Pictures with short captions:
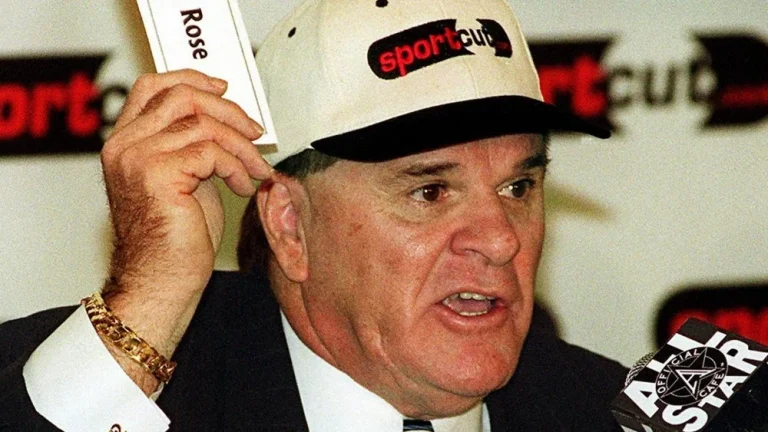Des Anciens Stars du Baseball en Difficultés Financières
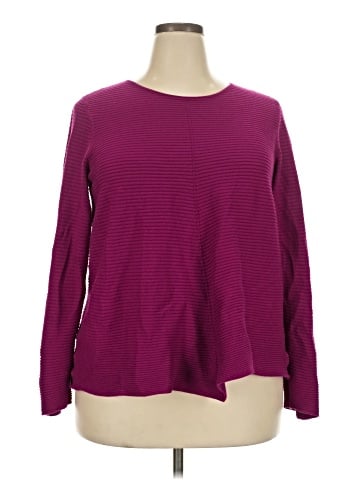 Alfani Pullover Sweater (view 1)
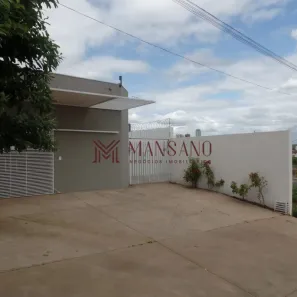 para alugar, 300m² no Jardim Paulista, Bauru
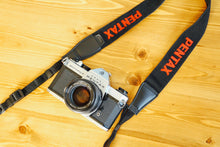 画像をギャラリービューアに読み込む, PENTAX ストラップ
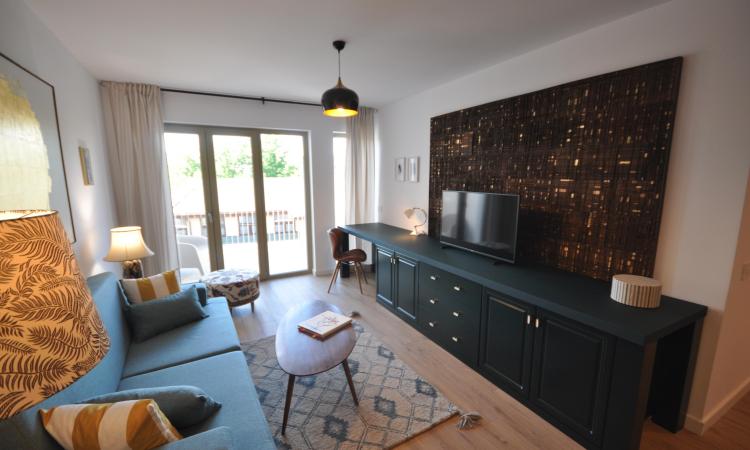 Piata Unirii Tineretului Marasesti Apart 2 camere Lux Bloc Boutique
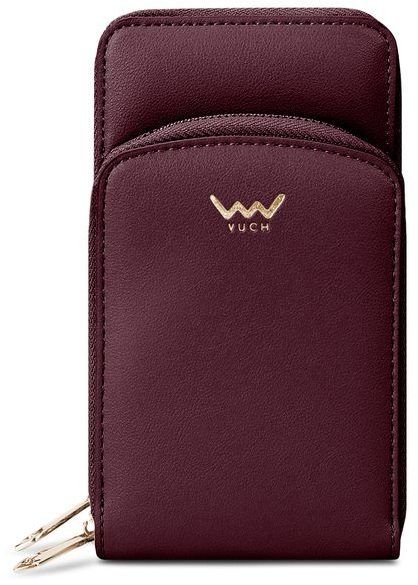 VUCH Rosia Dark Wine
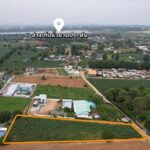 ขายที่ดินใกล้อ่างเก็บน้ำมาบประชัน/Land for sale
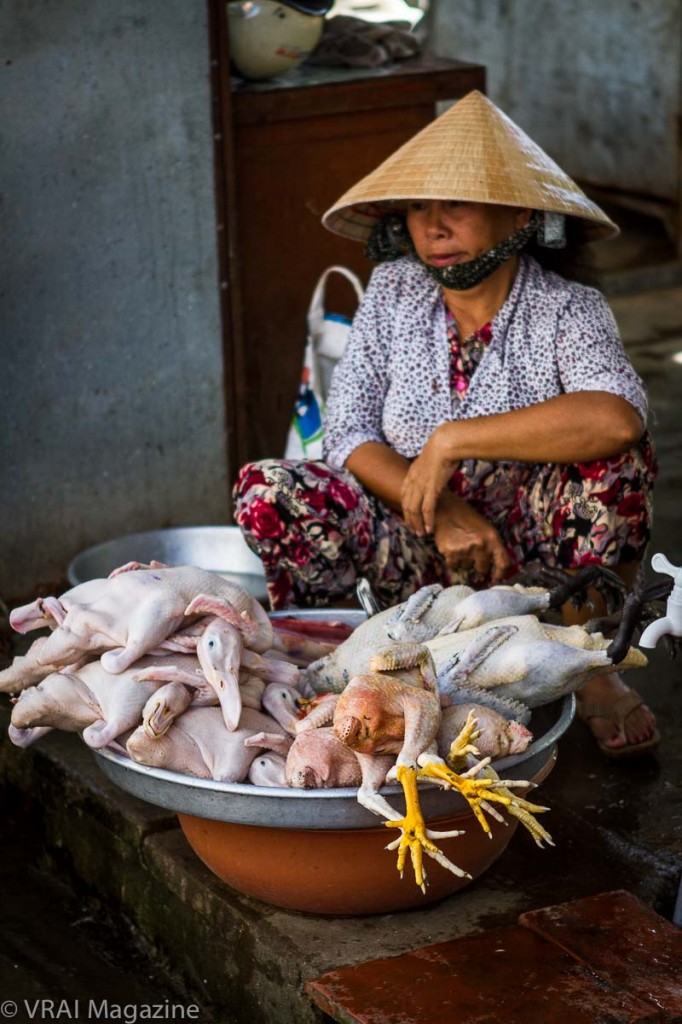 Vietnam Market - VRAI Magazine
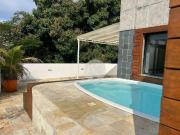 Cobertura para Locação em Rio de Janeiro/RJ Barra da...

- _What to produce_: Print only the lines from the line that contains "Vietnam Market - VRAI Magazine" to the final line of the data, inclusive. Pictures stay out.

- _Answer section_:
 Vietnam Market - VRAI Magazine
 Cobertura para Locação em Rio de Janeiro/RJ Barra da...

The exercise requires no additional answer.